Exercise requirements: Without changing a word, return the listing below, minus its images.

Given material:
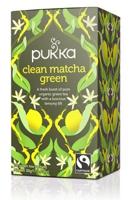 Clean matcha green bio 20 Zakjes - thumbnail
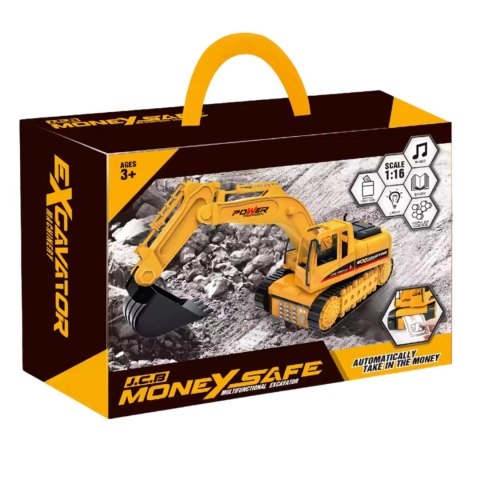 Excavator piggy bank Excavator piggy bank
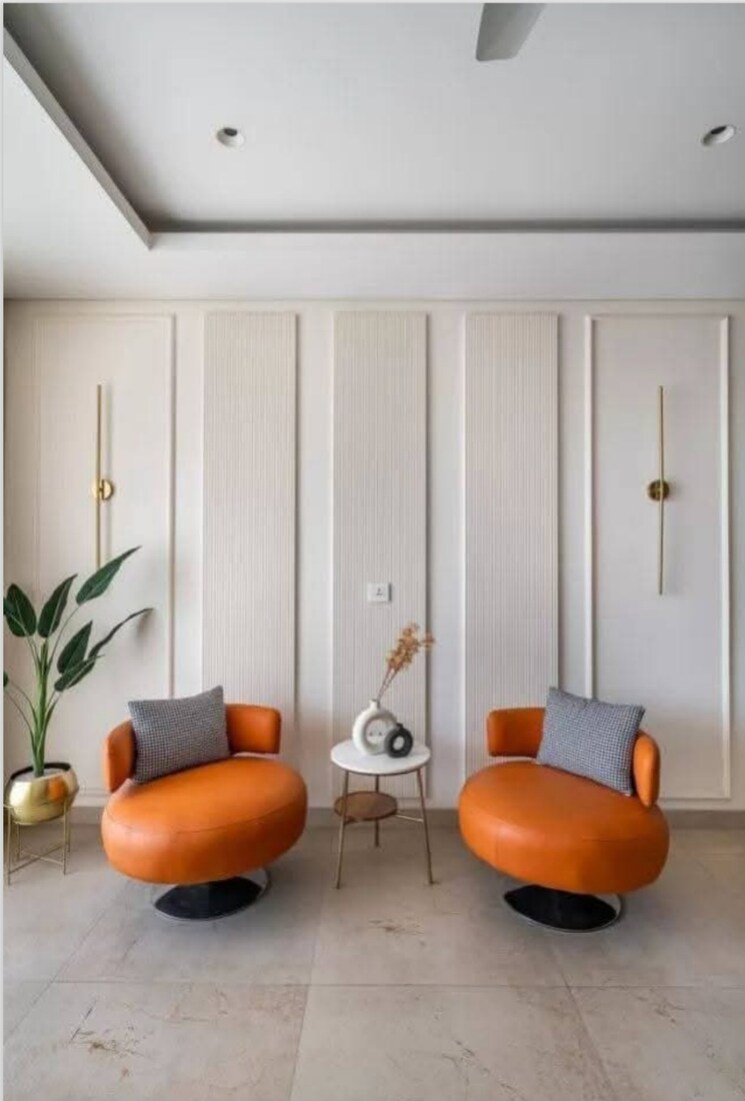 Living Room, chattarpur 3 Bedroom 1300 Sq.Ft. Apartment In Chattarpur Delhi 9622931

Your response:
 Clean matcha green bio 20 Zakjes - thumbnail
 Excavator piggy bank Excavator piggy bank
 Living Room, chattarpur 3 Bedroom 1300 Sq.Ft. Apartment In Chattarpur Delhi 9622931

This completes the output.